[ASSIGNMENT]
Note on the material below: return exactly the lines from the line that holds "成都數字錢(qián)包限額政策解" through the line that holds "限界LOVERS 】 「伝説の女性メタルバンド！」大ファンのスペイン人歌手興奮が止まらない！", and leave out each picture.

[INPUT RECORDS]
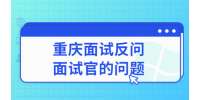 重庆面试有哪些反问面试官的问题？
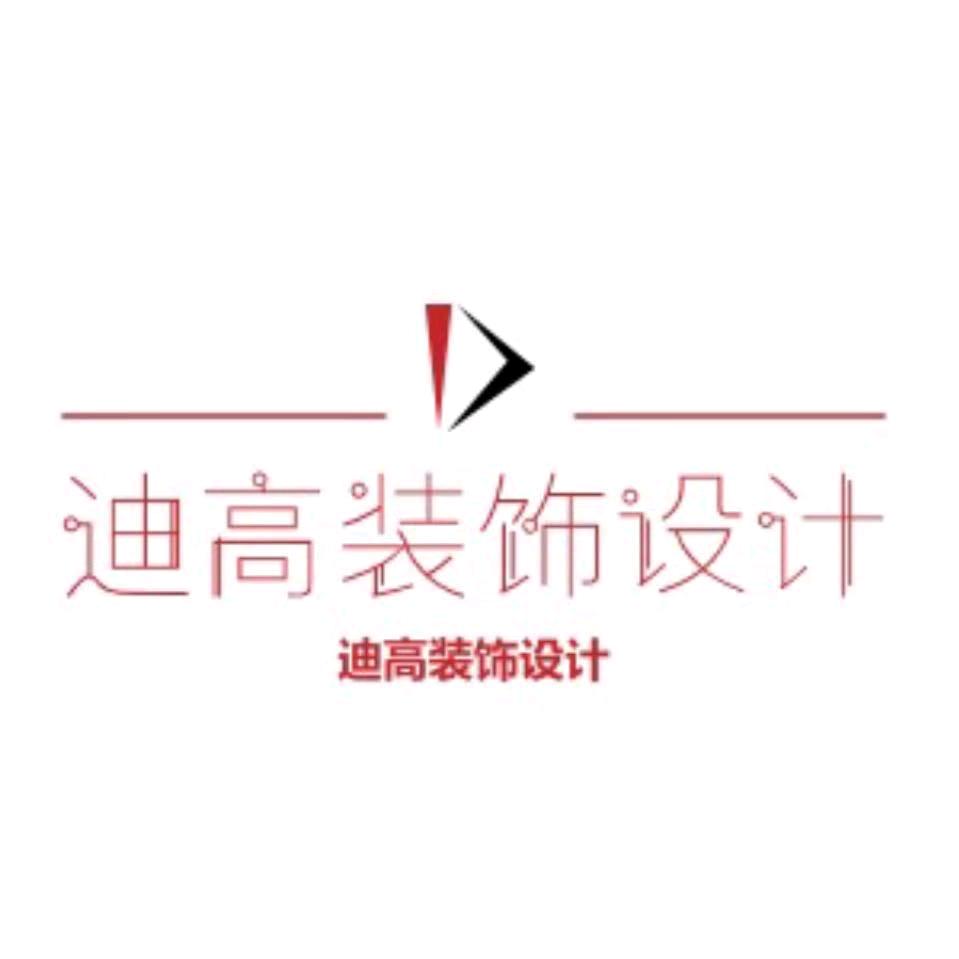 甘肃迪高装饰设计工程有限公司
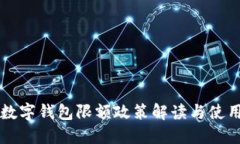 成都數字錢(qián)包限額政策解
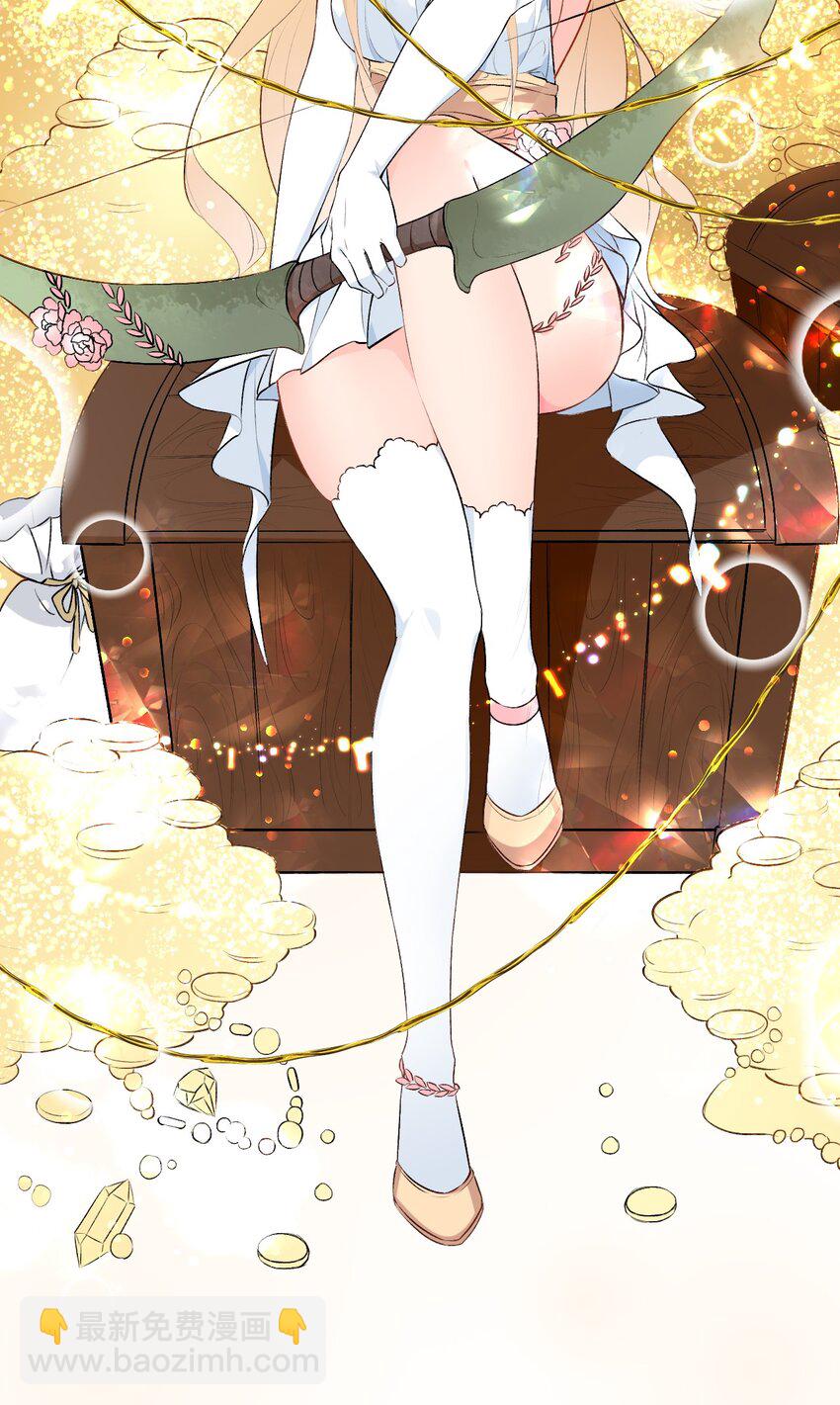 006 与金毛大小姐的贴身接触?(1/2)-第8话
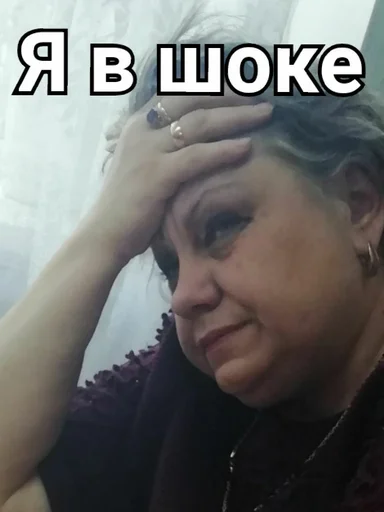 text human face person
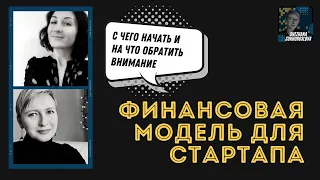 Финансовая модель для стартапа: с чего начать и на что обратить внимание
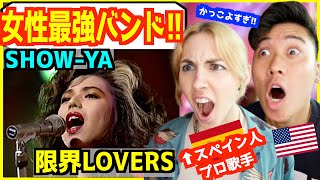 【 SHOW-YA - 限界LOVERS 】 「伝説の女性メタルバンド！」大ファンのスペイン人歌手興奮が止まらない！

...

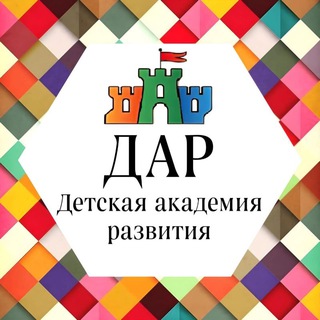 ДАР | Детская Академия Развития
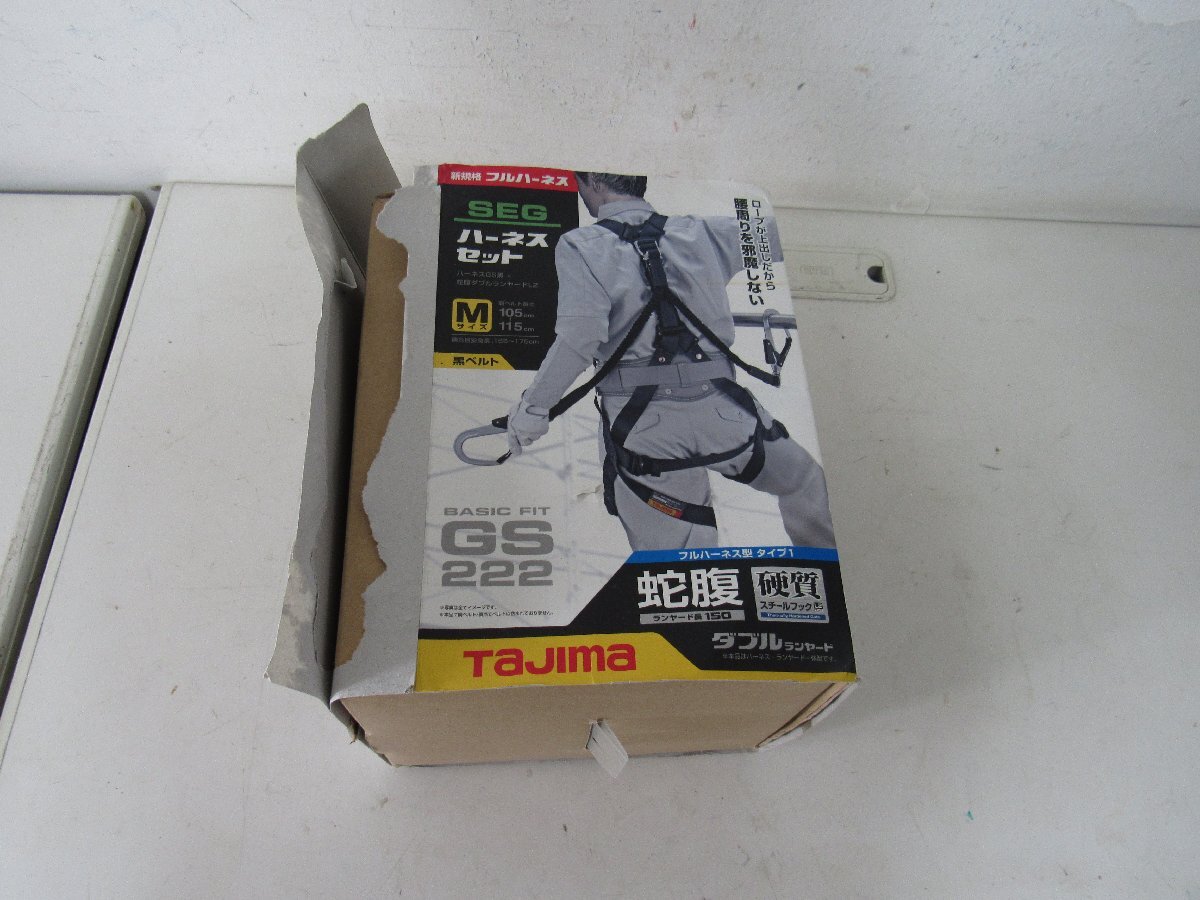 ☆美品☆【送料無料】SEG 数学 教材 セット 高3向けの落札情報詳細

[RESPONSE]
 成都數字錢(qián)包限額政策解
 006 与金毛大小姐的贴身接触?(1/2)-第8话
 text human face person
 Финансовая модель для стартапа: с чего начать и на что обратить внимание
 【 SHOW-YA - 限界LOVERS 】 「伝説の女性メタルバンド！」大ファンのスペイン人歌手興奮が止まらない！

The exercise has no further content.